If we look closely at these two sets of factors, the lack of diversity stands out as a common denominator to reproduce similar thinking, to not foresee threats and opportunities outside a comfort zone or way of thinking, to not leave a comfort zone, and to take the easy way out towards a known solution.


How to build ethical and inclusive AI?


AI is cross-cutting by nature. It requires the involvement of designers, implementers (beneficiaries/end-users, grass-root organizations, national entities, international organizations…), funders and donors, and legal professionals.

From a talent management perspective, this inter-disciplinarity could be maximized by a diversity policy aimed at gathering a pool of diverse talents coming from different backgrounds, socio-economic groups, sectors, and regions, and therefore reflecting a variety of understanding and opinions.


From a process design perspective, AI’s applications for Good are also the opportunity to generate out-of-the-box ideas and solutions through, and thanks to, a collaborative process.


Considering the tremendous impact that most of today’s AI solutions have on people and society, it would be detrimental to build solutions in isolation from the people and social circumstances that make them necessary in the first place.

Collaboration among varied talents enables us to bridge gaps in understanding between different mindsets and unite people and values. It therefore helps to share knowledge and to seed core concepts and principles within other professions e.g. human rights and ethical concerns within an ecosystem of engineers or data collection processes within a legal ecosystem.


Collaborative AI means harnessing crowd wisdom, diversity, and inclusion united in a single project community. Solutions that emerge from such collaborations share common values, beliefs, and often a bigger vision that serves the long-term interests of those communities.


It all sounds good in theory, but is it possible in practice.


Building an Ethical and Inclusive AI: an illustration of a bottom-up collaboration.


There are various forms of organizational structures (accelerators, advisors, labs) that have been chosen to promote crowd wisdom, diversity, and inclusion from the ideation to the scaling-up phases, combining both bottom-up and top-down approaches to promote talents.

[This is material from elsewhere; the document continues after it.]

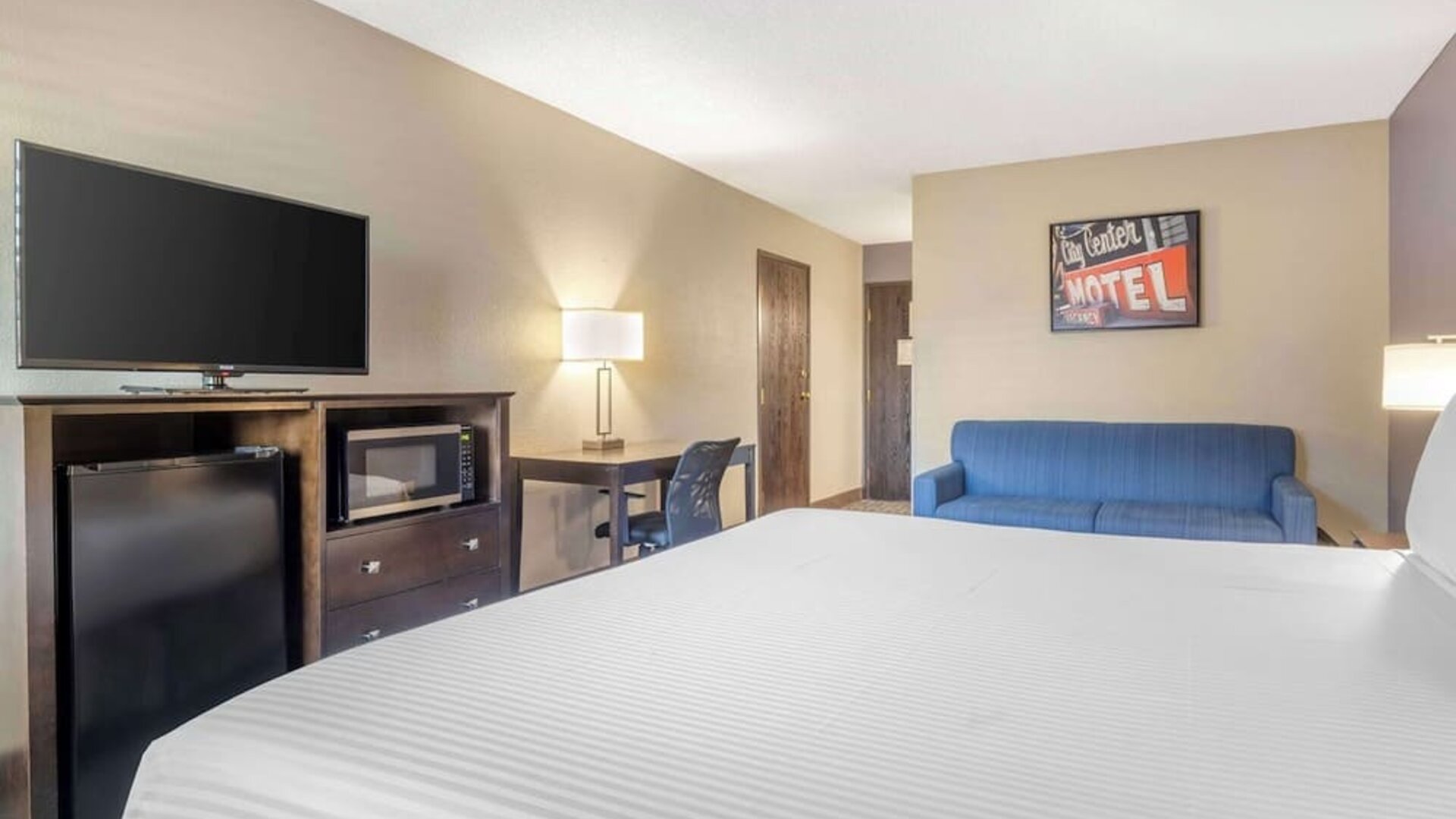 Guest room featuring a bed, blue sofa, television, mini fridge, microwave, and workspace. Best Western McCarran Inn.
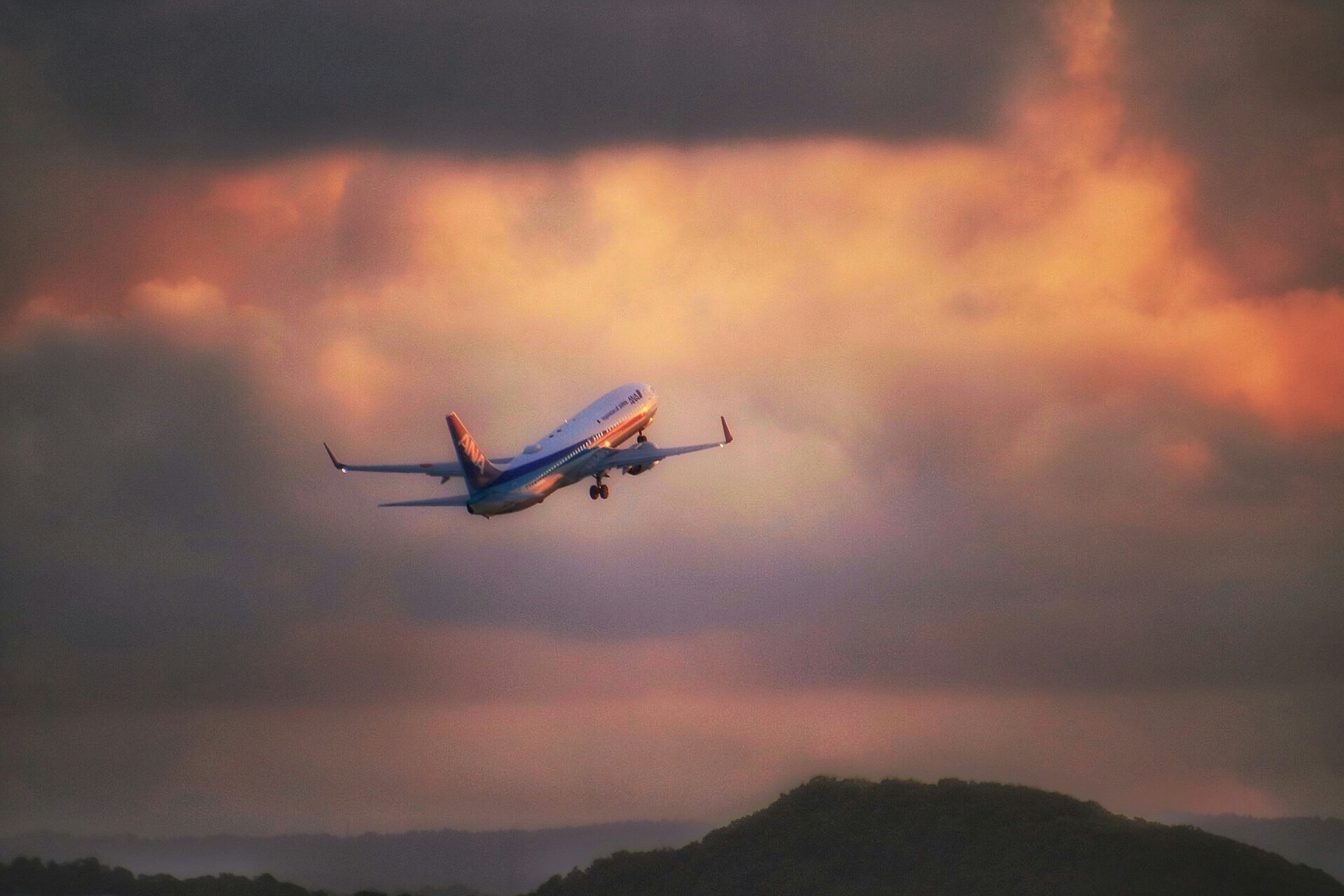 夕焼けの空を飛ぶ飛行機のシルエット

The Omdena platform has chosen to create a bottom-up collaboration. To date, over 900 data scientists, data engineers, and domain experts from 79 countries have taken part in Omdena projects. Omdena uses the following three steps to execute projects.


Step 1. Involve different groups from the middle of the talent pyramid with a focus on women.


Most technology companies focus on hiring people at the top of the talent pyramid, where there are fewer women. Many talented women are hidden in the middle of the pyramid, educating themselves through online courses, though lack opportunities and encouragement.


Step 2. Build a communal and collaborative bottom-up team with different stakeholders


Next, form inclusive and gender-balanced project communities with different stakeholders that collaborate to build AI products based on common values, beliefs, and often a bigger vision.


Step 3. Create a self-organized structure for collaboration

The right organizational structures and practices empower all stakeholders by connecting intrinsic and extrinsic motivations (which are not related to money) and create an incentive structure where collaborative leadership is fostered by leaders. This organizational structure decreases the need to control people and provides opportunities to learn and grow together. Collaborators self-organize themselves and end up creating a self-organized learning environment (SOLE).



This article was co-authored with Rudradeb Mitra from OMDENA who explain a possible business model to promote ethical A.I.